* TO DO: Will you write out the data exactly, excluding every picture?

* COLLECTED MATERIAL:
-- -- --
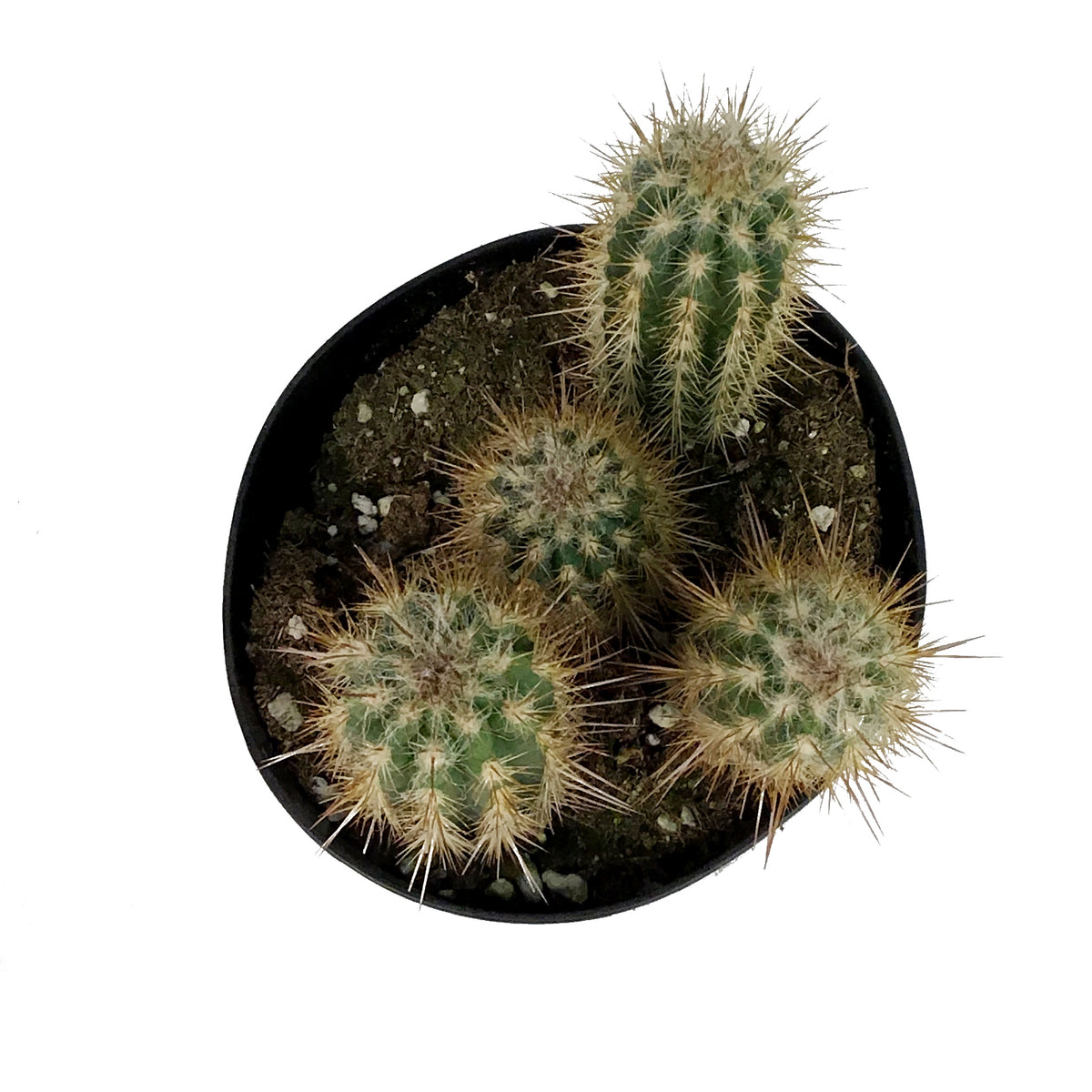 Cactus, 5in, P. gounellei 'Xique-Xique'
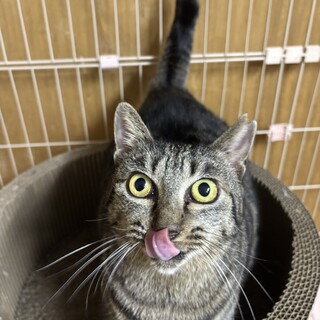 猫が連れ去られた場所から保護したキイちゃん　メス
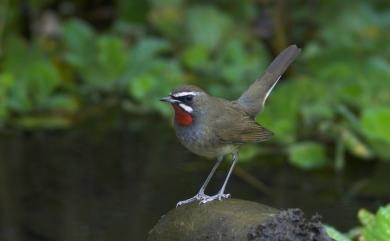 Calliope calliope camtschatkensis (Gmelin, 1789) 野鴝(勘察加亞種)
-- -- --
* ANSWER TO THIS PROBLEM:
 Cactus, 5in, P. gounellei 'Xique-Xique'
 猫が連れ去られた場所から保護したキイちゃん　メス
 Calliope calliope camtschatkensis (Gmelin, 1789) 野鴝(勘察加亞種)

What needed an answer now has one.